THE PROBLEM - Your answer should be the line containing "Image of Musashi 3: Api" and each line after it through the end of the data below, repeated exactly.

THE INPUT -

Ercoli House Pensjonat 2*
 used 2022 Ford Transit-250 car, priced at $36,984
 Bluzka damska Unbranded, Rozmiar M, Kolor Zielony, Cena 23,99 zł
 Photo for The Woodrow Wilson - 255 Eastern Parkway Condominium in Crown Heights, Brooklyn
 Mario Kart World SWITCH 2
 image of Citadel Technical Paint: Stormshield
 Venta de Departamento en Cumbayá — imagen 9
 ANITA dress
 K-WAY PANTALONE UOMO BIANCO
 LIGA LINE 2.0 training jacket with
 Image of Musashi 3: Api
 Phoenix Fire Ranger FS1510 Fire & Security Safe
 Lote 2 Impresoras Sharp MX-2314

ANSWER SPACE -
 Image of Musashi 3: Api
 Phoenix Fire Ranger FS1510 Fire & Security Safe
 Lote 2 Impresoras Sharp MX-2314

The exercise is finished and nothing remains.